Updated: Jul 11
"This was the first of many times I felt unwelcome, as a woman, in the world of science."
As a naive seventh grader, I was eager to be attending a new school and taking challenging math and science classes, my preferred topics of study. I relished in the knowledge I was gaining and appreciated learning from passionate teachers every day. I was very involved with clubs and committees at school (some things never change), and I was ecstatic to learn about a computer science team that was going to be meeting during lunch periods. I was set to attend and tried to convince my friends to accompany me. The lack of enthusiasm from my classmates did not faze me, and I rushed to the computer lab as my final class before lunch finished.

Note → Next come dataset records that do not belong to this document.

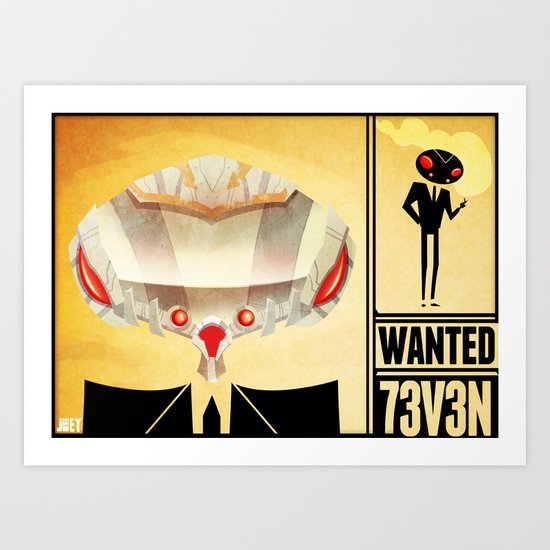 73V3N Art Print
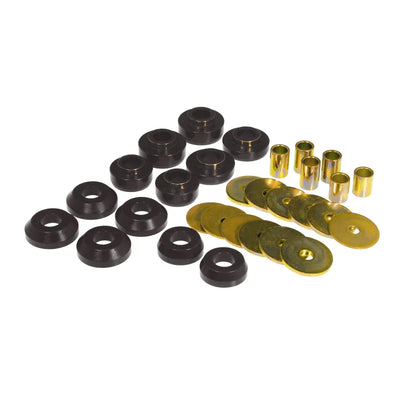 Prothane black auto part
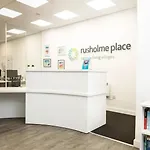 Rusholme Place * 曼彻斯特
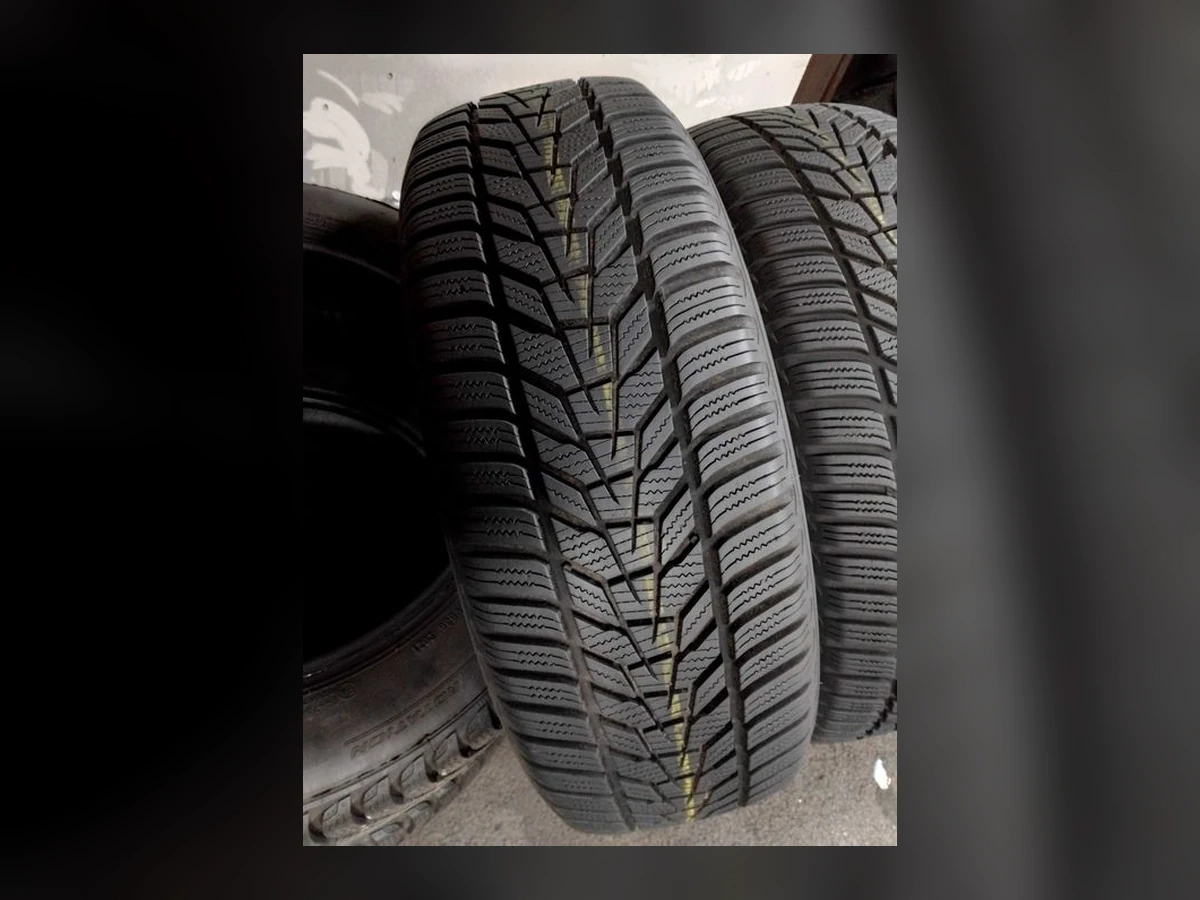 Hankook — 215/60 R17 — Hankook 215/60 R17 Зима (липучка) 4 шт (Комплект) — 5.5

As I walked in, there were dozens of people crowded around the computers and others tinkering with wires protruding from open consoles. My stomach turned from excitement, anxiety, and hunger (what can I say, it was lunchtime), and I made my way up to a senior student introducing myself and asking how I could help. It was then that I realized I was the only girl in the large group of students and was also the only one from the junior school.
Although I enjoyed learning about computer software and hardware, along with developing my skills as a programmer, I faced an internal war every time I stepped into the lab each week. I felt like an outlier in the group and was constantly questioning myself and my abilities. I would not offer my code up for projects and would let less qualified males take credit for my work. I was constantly questioning my place in the world of computing. If there weren't other girls attending the club, maybe it was because boys were better at it, I thought. Perhaps, this is a pointless battle, and all the work I was putting into developing skills at the club was for nothing? I was discouraged and felt like an imposter among the group, trying to avoid the inevitable: that I was not good enough. Unfortunately, this was the first of many times I felt unwelcome, as a woman, in the world of science.
As I progressed through school, I worked hard in all my courses, especially in the science-based ones. Since the computer science club, I was determined to prove my worth. I did not have many positive role models of women in science until my sophomore year of high school.
One day I stumbled upon two opportunities at the local university to get me connected with empowered women. I sent emails to multiple groups, and it took lots of courage to reach out to people who were so talented and well respected within the science community. In the fall of my junior year, I started a co-op at a lab associated with the university. This lab was unique and stood out to me since it was run by a fierce woman who had broken down barriers in the science world. 75% of her lab was made up of female workers, who were very welcoming and offered immeasurable advice. I got to work alongside these professionals and harnessed connections within the academic community. This time I did not feel out of place, but accepted.
Additionally, I became the executive member of a university organization interested in promoting equity in science and was founded on the principles of motivating, encouraging, and supporting all women engaged in science-related careers. After being engulfed in this tight-knit community of women supporting one another, I now feel confident and self-assured, ready to face the male dominance in the field of science. This time, I will not back down, but speak out and show my worth.
My advice to those who have found themselves in a similar situation as me is not letting the world dictate what you love. Everyone inevitably faces barriers in their life, but what you can do is find ways to break down these barriers and push full force ahead. It won't be easy and will take strength to do so. I still haven't broken down my barrier, and I will face many more in my life, so embrace the struggle and move forward.